Aim of the exercise:
Starting at the line that contains "Xrub – fekete-sárga", write out every line through the end of the records exactly as it stands, and leave out all pictures.

Image-text web data
-.-.-
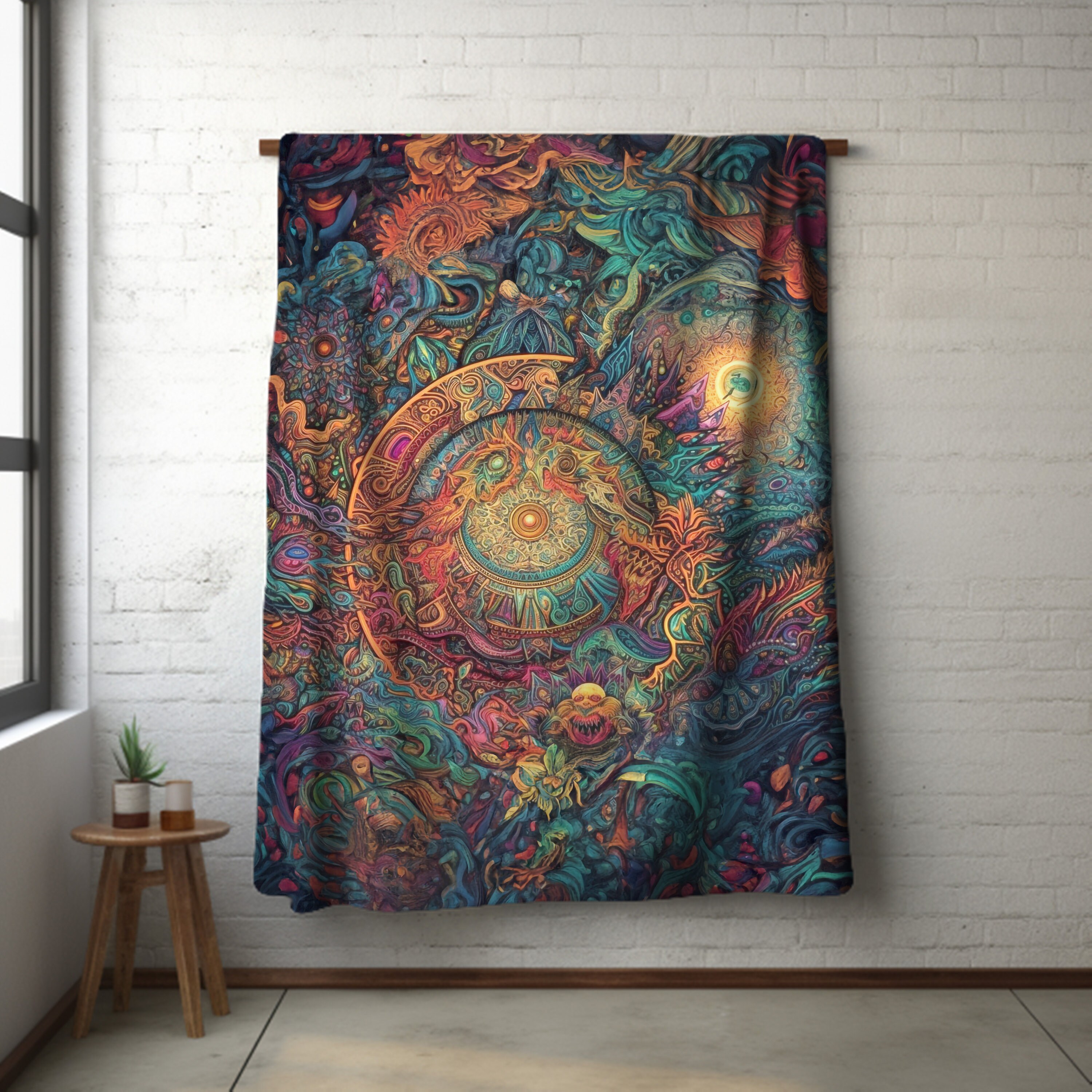Velveteen Psychedelic Blanket, Sun Mandala Blanket, Colorful Home Decor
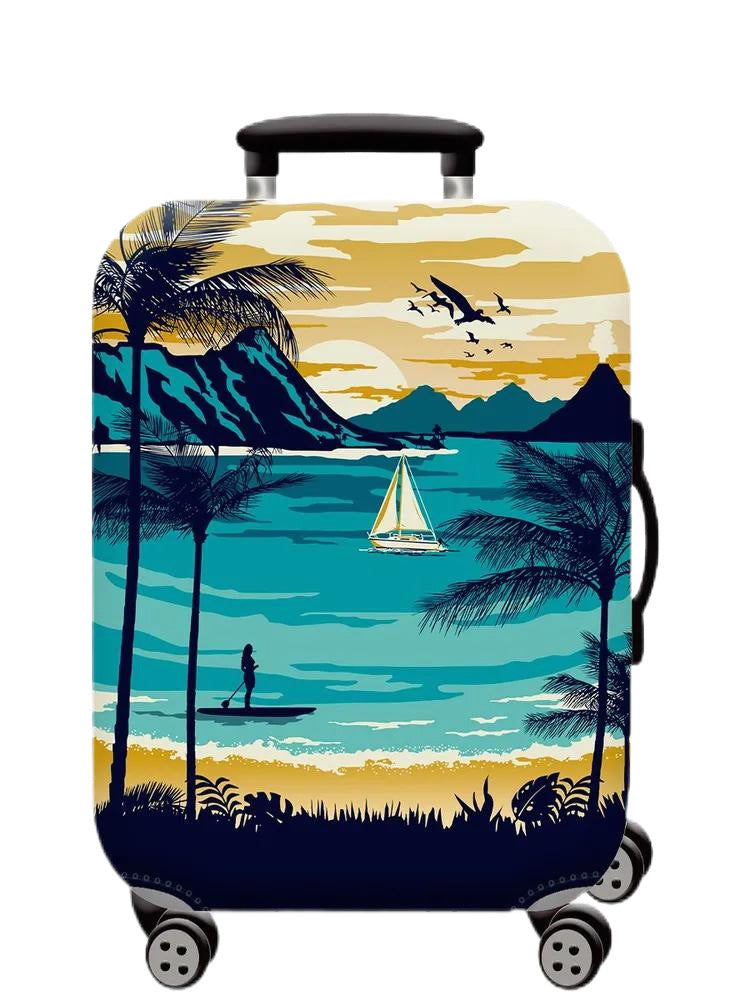 Unisex hard-shell cabin trolley with vintage travel illustration, 360° swivel wheels and telescopic handle Stornfield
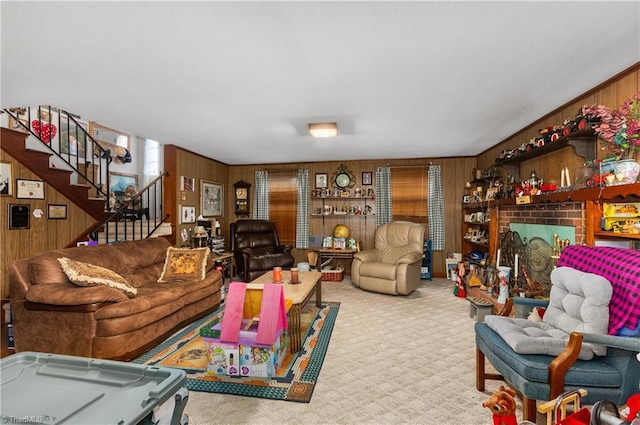 6115 Winview Heights St, Clemmons, NC 27012 - living room featuring wooden walls, carpet, and stairway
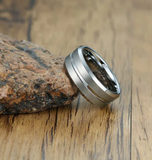 Blue Tungsten Carbide Wedding Bands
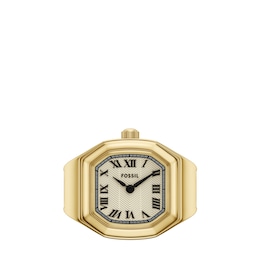Fossil Harlow Women's Cream Dial Gold-Tone Stainless Steel Watch Ring
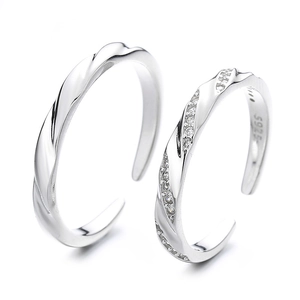 Adjustable S925 sterling silver Mobius rings for couples with sparkling cubic zirconia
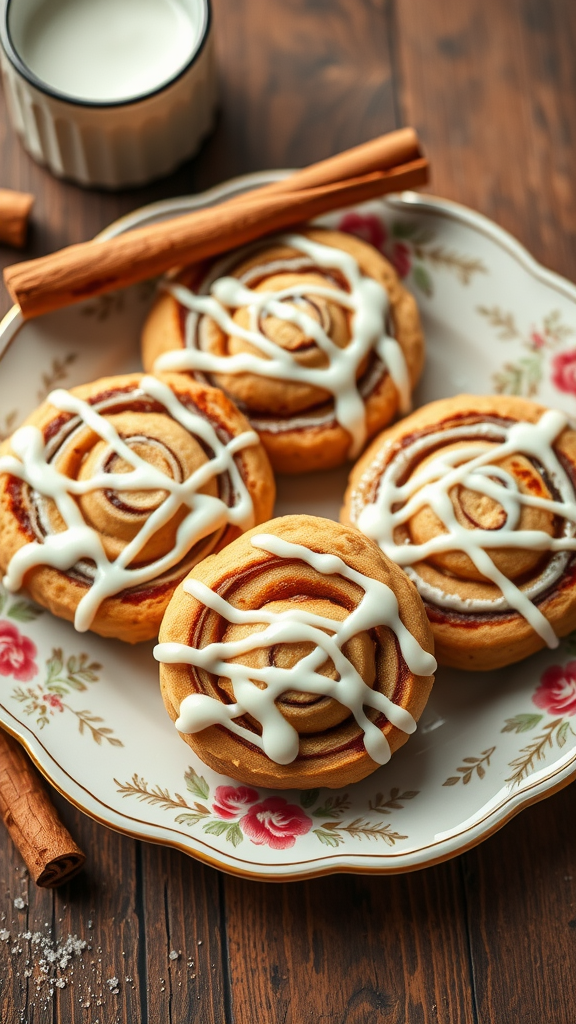 Cinnamon roll cookies drizzled with icing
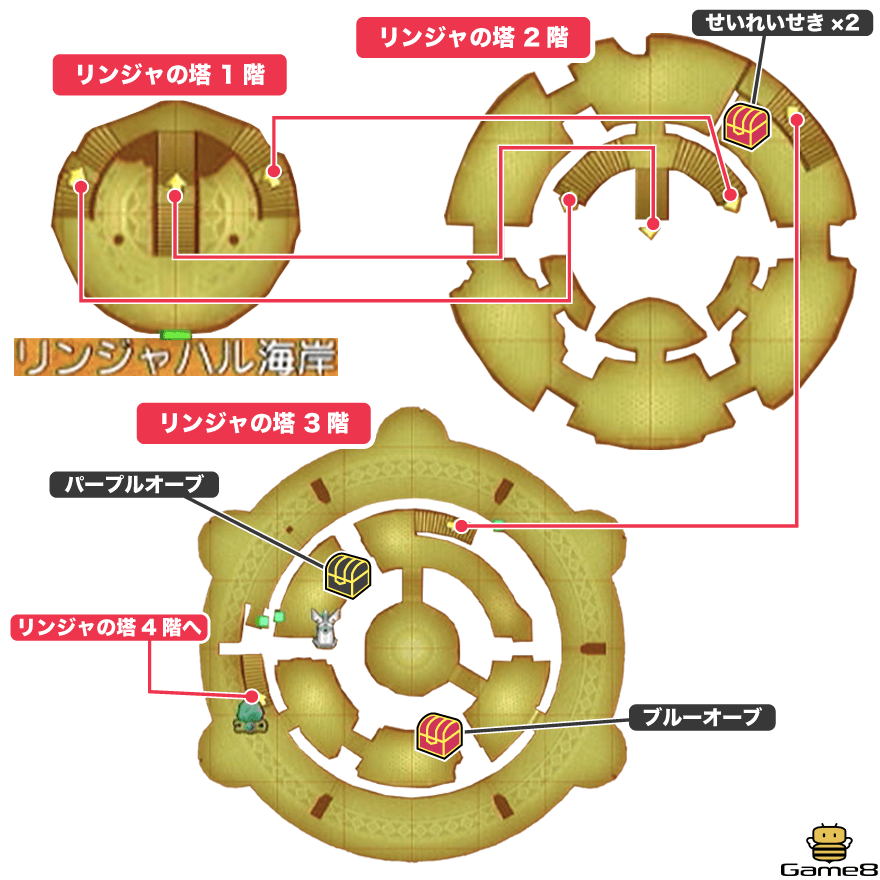 リンジャの塔1〜3F全体マップ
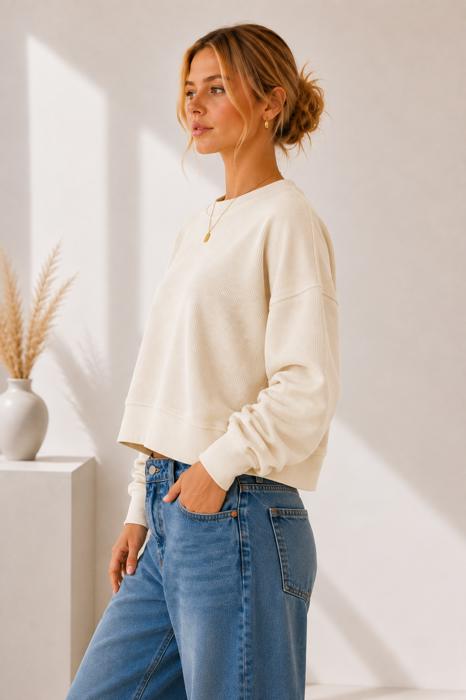 DOUBLE WAFFLE LONG SLEEVE CROP TOP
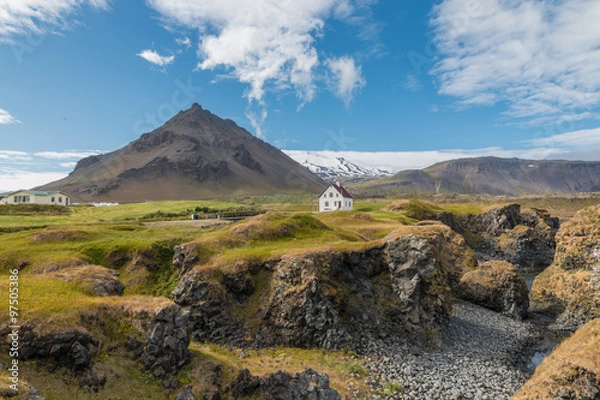 Fototapeta Arnarstapi House below the Volcano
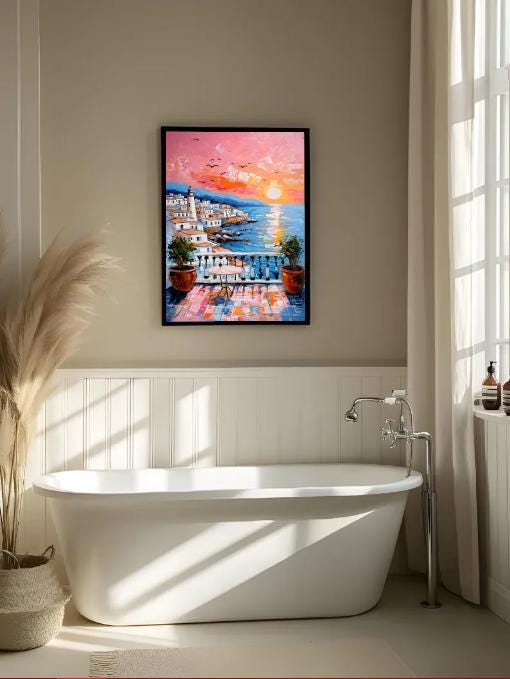 Mediterranean Sunset Print: Coastal Balcony, Lighthouse View (Digital Download)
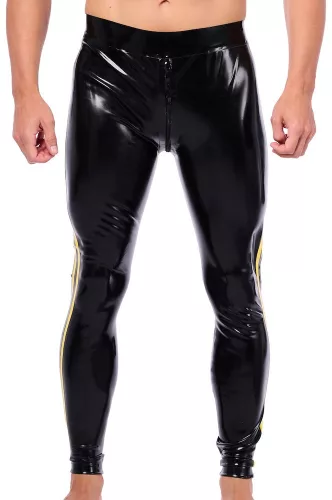 Xrub – fekete-sárga latex nadrág elülső/hátsó cipzárral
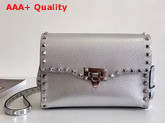 Valentino Garavani Small Rockstud Crossbody Bag in Silver Elk Print Calfskin Leather Replica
-.-.-
Reply to the exercise:
 Xrub – fekete-sárga latex nadrág elülső/hátsó cipzárral
 Valentino Garavani Small Rockstud Crossbody Bag in Silver Elk Print Calfskin Leather Replica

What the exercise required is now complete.